Si ce dernier conserve un pouvoir, notamment de prescription et de contrôle en matière de lutte contre les inondations, les conditions et l’effectivité de mise en œuvre de cette lutte relèvent pourtant, sur le terrain, des collectivités territoriales et de leurs intercommunalités.
La complexité de la gestion hydraulique du territoire due à la coexistence de syndicats mixtes
Les deux schémas d’aménagement et de gestion des eaux (SAGES) des sous-bassins de l’Audomarois (secteur de Saint-Omer) et du delta de l’Aa sont gérés par le syndicat mixte « Institution Intercommunale des Wateringues » (IIW), qui regroupe lui-même six intercommunalités.
Les deux autres sous-bassins ayant aussi leur SAGE respectif, sont gérés par deux autres syndicats mixtes, celui du bassin de la Lys (SYMSAGEL) et celui du bassin de l’Yser géré par l’Union syndicale d’aménagement hydraulique du Nord (USAN), eux-mêmes composés de sept intercommunalités.
La coexistence des trois syndicats mixtes compromet la mise en oeuvre de la planification de la lutte contre les inondations et l’animation et la coordination des actions relevant de la GEMAPI.
Ainsi, le périmètre des deux sous-bassins du delta de l’Aa et de l’Audomarois dépasse celui des six intercommunalités qui composent le syndicat mixte IIW. De surcroît, plusieurs autres syndicats exercent les missions de la GEMAPI pour certaines de ces intercommunalités.

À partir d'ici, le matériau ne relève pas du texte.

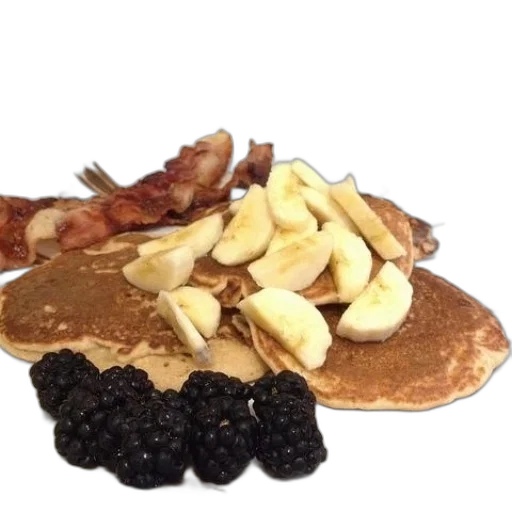 food, breakfast, plate, pancakes transparent PNG cut-out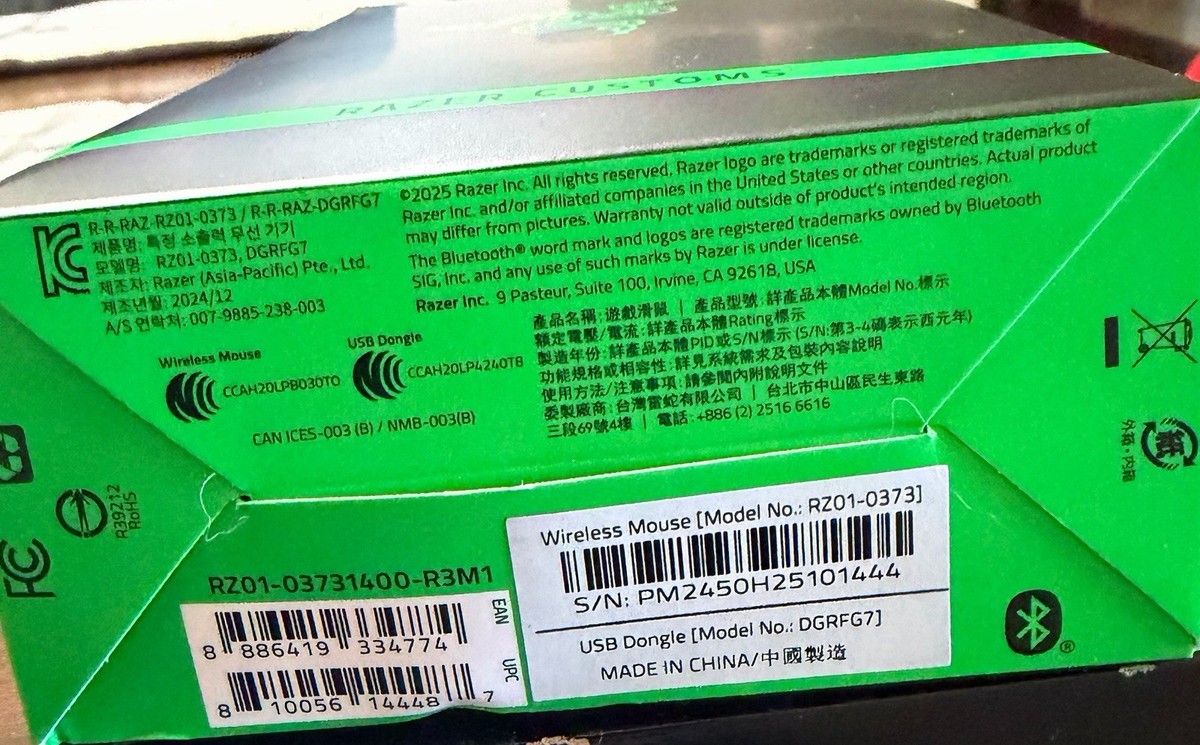 Razer Orochi V2 Wireless Gaming Mouse Hello Kitty and Friends
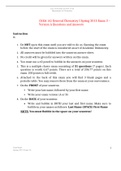 CHEM 102 General Chemistry I Spring 2015 Exam 3 -­‐ Version A Questions and Answers,100% CORRECT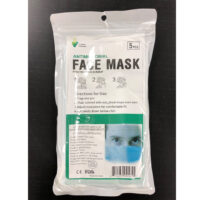 5pk Face Mask 50/cs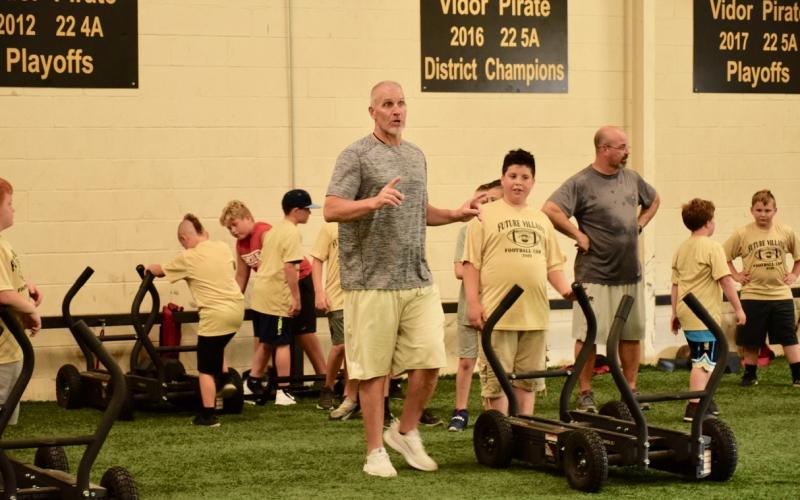 VPIFA conditioning with VHS coaches and athletes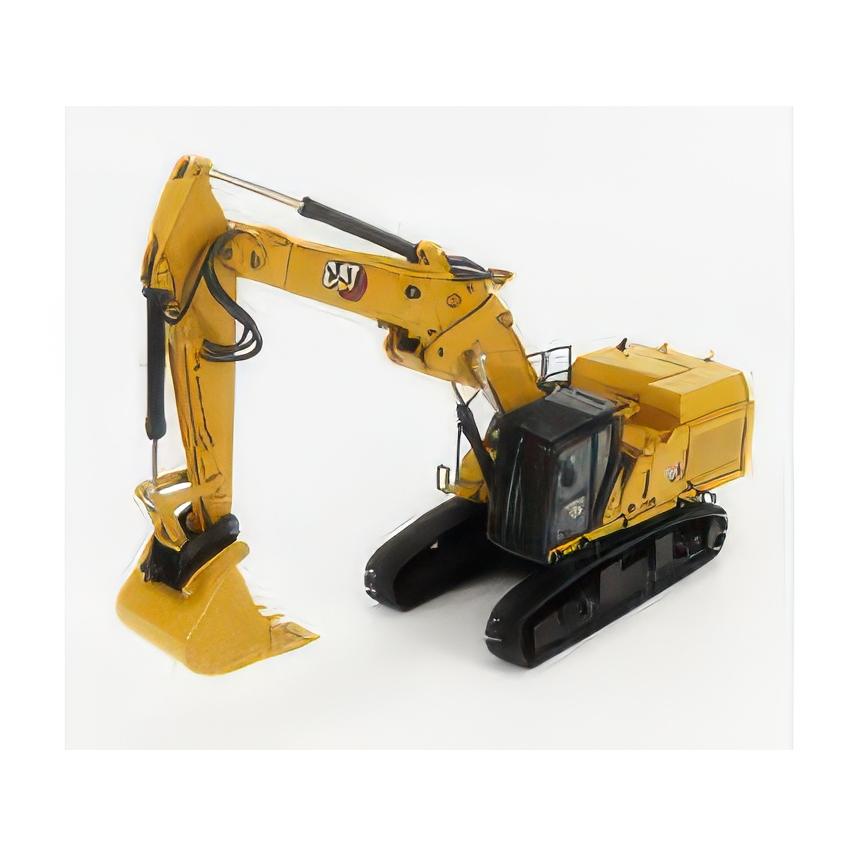 CAT352 超高所解体油圧ショベル 黄/黒 1/50 Diecast Masters : バスク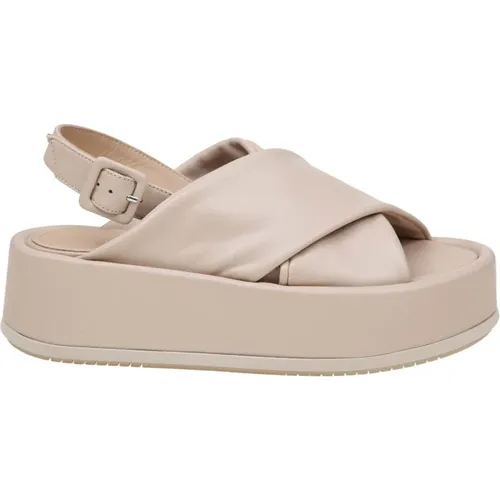 Weiche Leder Ivory Sandale Ss24 , Damen, Größe: 38 EU - Paloma Barceló - Modalova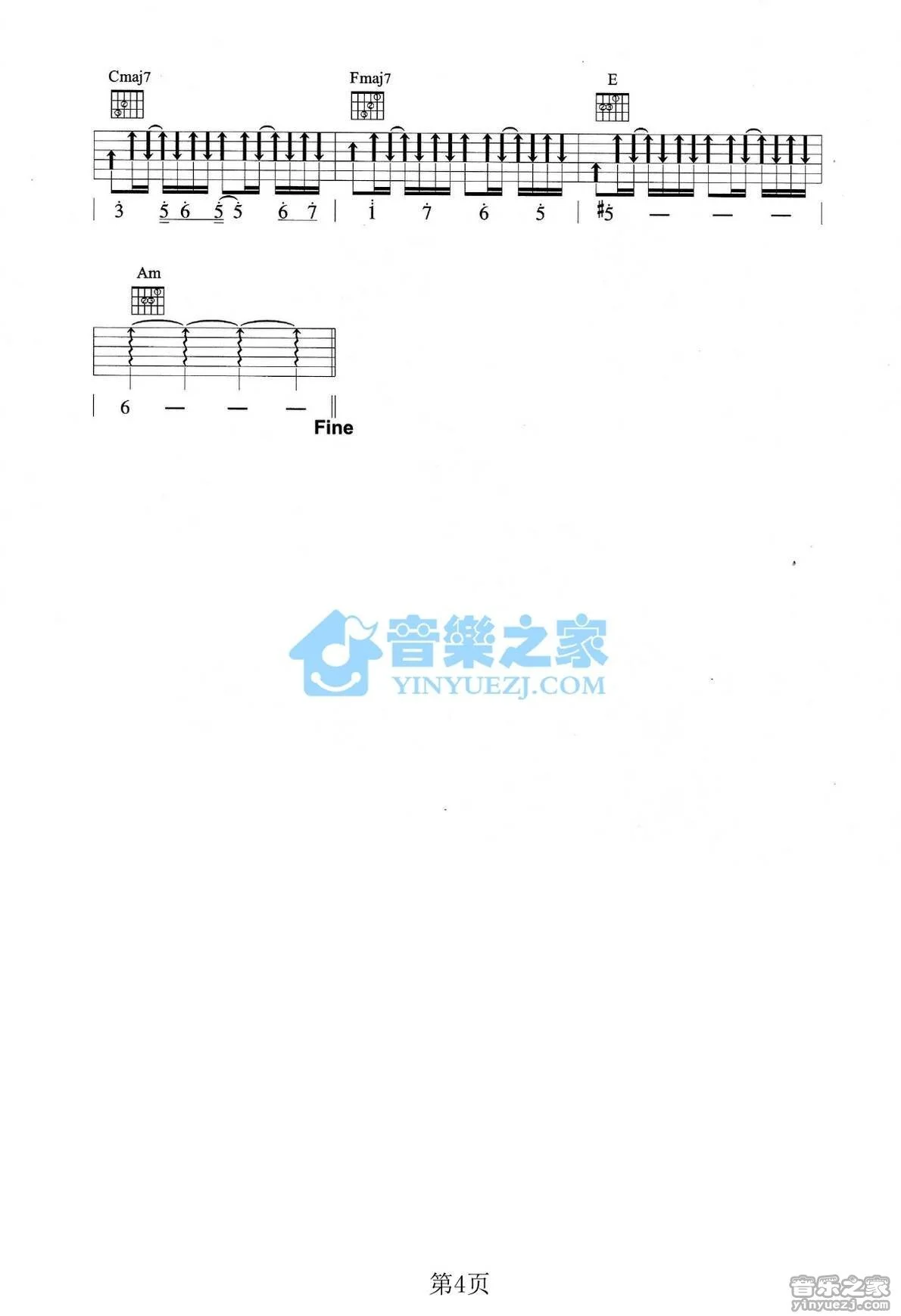 《爱错》吉他弹唱Am调版吉它谱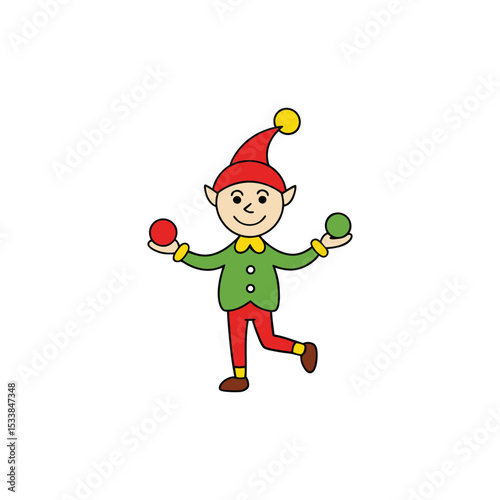 clown with balloons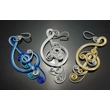 Treble clef ornaments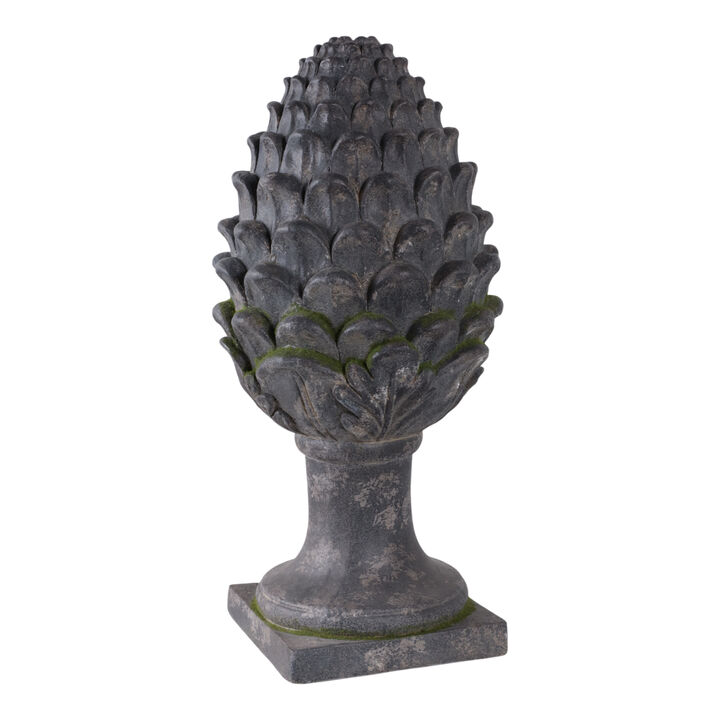 Artichoke Statue with Moss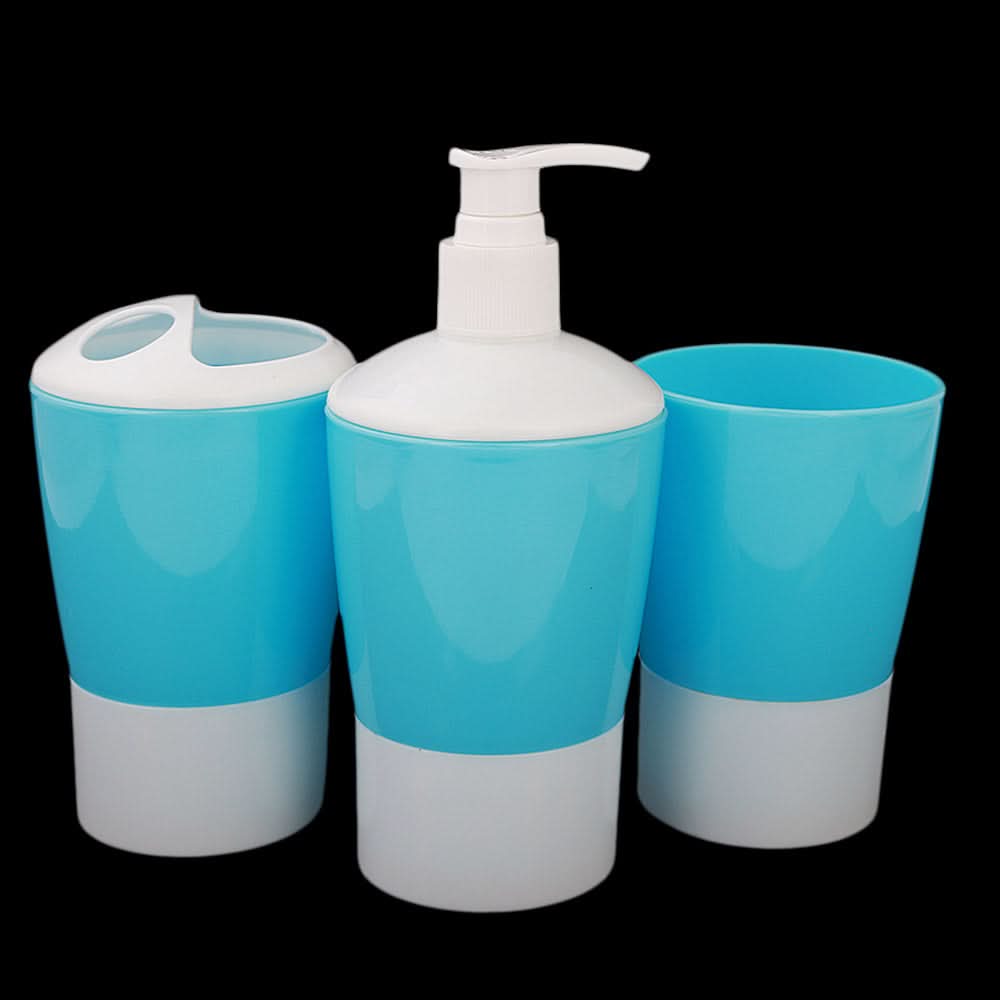 Bathroom Toiletries Set 3 Pcs - Blue, Home & Lifestyle, Storage Boxes, Chase Value, Chase Value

Cette limitation et cet enchevêtrement de compétences ne permettent pas à l’IIW de mettre en œuvre ses missions de façon efficace au niveau d’un territoire cohérent au plan hydrologique.
La fragilité du dispositif de lutte contre les inondations due à la dispersion des acteurs
L’action de terrain, en matière de lutte contre les inondations, repose d’abord sur le bon entretien des watergangs formés par les réseaux de fossés et d’ouvrages de drainage à vocation de dessèchement des terrains qui se situent en dessous du niveau de la mer.
Ces watergangs sont la propriété de onze sections de wateringues, constituées sous la forme d’associations syndicales autorisées, territorialement et administrativement indépendantes, dont le conseil constitutif ayant pour mission d’assurer la coordination entre les associations ne se réunit pas, ce qui ne permet pas à l’IIW de parer en temps utile aux situations de défaut d’entretien des watergangs.
Trois autorités portuaires, la région, la communauté urbaine de Dunkerque et le port de Dunkerque, assurent, pour leur part, l’exploitation et la maintenance des ouvrages d’évacuation des eaux à la mer que leur a confiées l’IIW.
Par ailleurs, l’Etat détient un quadruple rôle, en matière de stratégie locale de gestion des risques d’inondation, de contrôle de l’articulation des programmes d’action avec le schéma directeur des SAGES et les plans de gestion des risques d’inondations (PGRI), de contrôle du respect de ces plans par les maires dans la délivrance des actes d’urbanisme et de contrôle, dans les situations exceptionnelles, de la bonne application des protocoles de gestion devant garantir la solidarité entre acteurs pour l’évacuation des eaux en cas de crues et d’inondations provoquées par la surabondance des pluies.
Sur ce point, les inondations récentes qui ont durement frappé les occupants des habitations construites en zones inondables ont fait manifestement ressortir que des permis de construire ont pu être octroyés, nonobstant les contrôles impartis aux directions territoriales de l’Etat agissant sous l’autorité des préfets, en ignorant le périmètre de ces zones.
Enfin, le rôle de l’IIW risquerait d’être davantage fragilisé si ses compétences statutaires devaient être pleinement étendues à la lutte contre les inondations par submersions marines, dont le risque augmente avec le réchauffement climatique.